Georg Baum wrote:
OK, so it is like that: Up to 4 bytes per code point are used for the currently defined 21 bits of UCS4, but UTF8 is designed in such a way that it is possible to encode all 36 bits of UCS4 with at most 6 bytes per code point.

Not really. Some years ago there was not yet a real limit in the Unicode specification for the number of code points (the theoretical limit was 2^31 if I remember correctly).

However, the limit has now been set to 2^20+2^16 code points. There is still a lot of space available, but there will _never_ be any more code points than 2^20+2^16 (also not in UCS-4!).

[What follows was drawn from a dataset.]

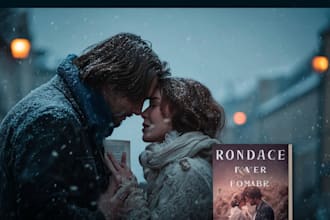 design romantic book cover with cinematic love story art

So by definition UTF-8 allows a maximum of 4 bytes per character. Any 5 or 6 byte sequences are invalid.

To summarize:

* UTF-8 uses 1-4 bytes (1 byte for US-ASCII, 2 bytes for other Latin characters, 3 bytes for Chinese etc. and 4 bytes for rare things).

* UTF-16 uses 2 bytes for Latin, Chinese etc. and 4 bytes for rare characters.

* UTF-32 has a fixed length of 4 bytes per character and is functionally equivalent to UCS-4.

Please keep things simple and call the encodings UTF-8, UTF-16 and UTF-32.